It is a longitudinal cross-sectional view of the furnace length direction of the chamber type coke oven which concerns on the 1st Embodiment of this invention. It is a longitudinal cross-sectional view of the furnace group length direction of the chamber furnace type coke oven which concerns on the same embodiment. It is an expanded longitudinal cross-sectional view which shows the furnace end part of the coke oven which concerns on the same embodiment. It is a top view etc. which show the hollow clay brick concerning the embodiment. It is a top view etc. which show the hollow red brick concerning the embodiment. It is the longitudinal cross-sectional view and horizontal sectional view of the furnace length direction which show the clay brick layer which concerns on this embodiment. It is a schematic diagram which shows the model of the furnace end part which concerns on a comparative example. It is a schematic diagram which shows the model of the furnace end part which concerns on the Example of this invention.

  Exemplary embodiments of the present invention will be described below in detail with reference to the accompanying drawings. In addition, in this specification and drawing, about the component which has the substantially same function structure, duplication description is abbreviate | omitted by attaching | subjecting the same code | symbol.

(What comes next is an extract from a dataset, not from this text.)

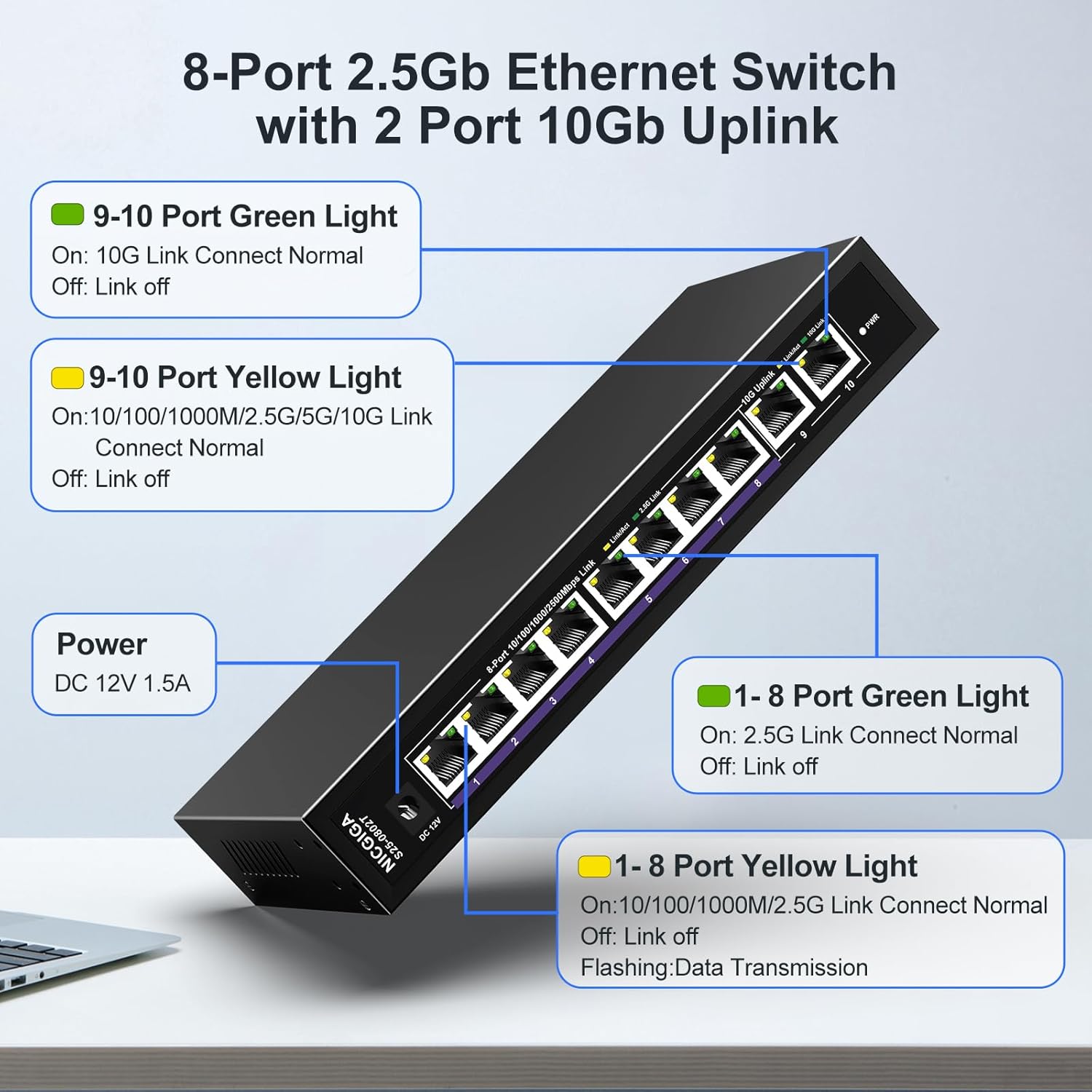 Diagram of the NICGIGA 10-Port Ethernet Switch with labels pointing to LED indicators for ports 1-8 and 9-10, and the power input, explaining their functions.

[1. Overall configuration of coke oven]
First, the overall configuration of the coke oven according to the first embodiment of the present invention will be described with reference to FIGS. 1 and 2. FIG. 1 is a longitudinal sectional view in the furnace length direction X of a chamber furnace type coke oven 1 according to this embodiment, and FIG. 2 is a view of the furnace group length direction Y of the chamber furnace type coke oven 1 according to this embodiment. It is a longitudinal cross-sectional view.

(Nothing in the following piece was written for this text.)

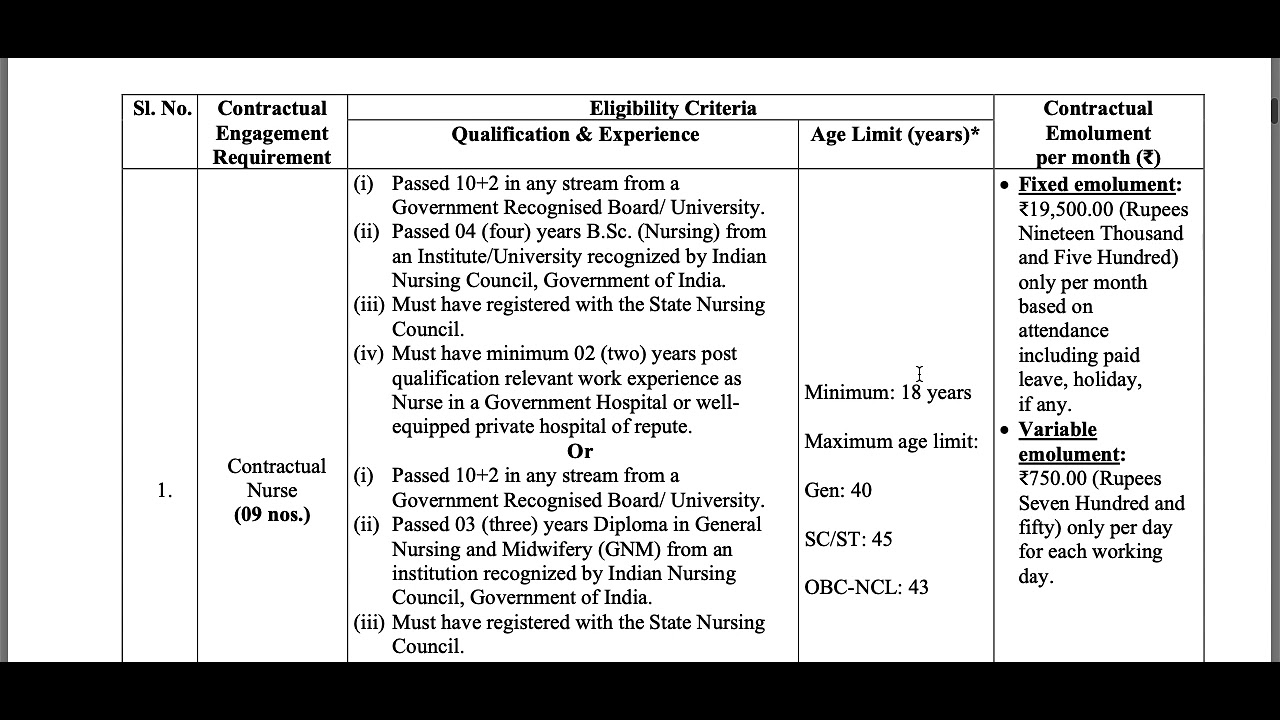 All India Nursing vacancy 2021-2022| Walk in Interview | OIL Staff Nurse vacancy 2021-2022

  As shown in FIGS. 1 and 2, a chamber-type coke oven 1 includes a sole flue 2 provided at the lower portion of the furnace body, a heat storage chamber 3 provided above the sole flue 2, and an upper portion of the heat storage chamber 3. Are provided with a carbonization chamber 4 and a combustion chamber 5, and a furnace top 6 provided at the upper part of the carbonization chamber 4 and the combustion chamber 5. Although not shown, the coke oven 1 is arranged on the furnace top portion 6 so as to be able to travel in the furnace group length direction Y, and is loaded with coal into each carbonization chamber 4 or coke from each carbonization chamber 4. An extruder for extruding is also provided.

  The carbonization chamber 4 and the combustion chamber 5 are vertically long, substantially rectangular parallelepiped spaces extending in the furnace length direction X. The carbonization chambers 4 and the combustion chambers 5 are alternately provided in the furnace group length direction Y. The carbonization chamber 4 is a space for carbonizing coal to produce coke. A plurality of inlets 7 are formed at a predetermined interval in the furnace length direction X at the furnace top 6 at the top of the carbonization chamber 4, and one or more ascending pipes 8 are formed at the ends. Coal is charged into the carbonization chamber 4 from the charging port 7 by a charging vehicle (not shown). The combustion chamber 5 is a space for burning fuel gas. The heat of the combustion chamber 5 is transferred to the carbonization chamber 4 so that the coal is dry-distilled in the carbonization chamber 4. A plurality of flue holes 9 are formed at predetermined intervals in the furnace length direction X in the furnace top 6 at the top of the combustion chamber 5. The flue hole 9 communicates with the combustion chamber 5, and a flue hole lid is installed at the uppermost stage. By providing such a flue hole 9, the combustion state of the combustion chamber 5 can be visually observed from the top of the furnace.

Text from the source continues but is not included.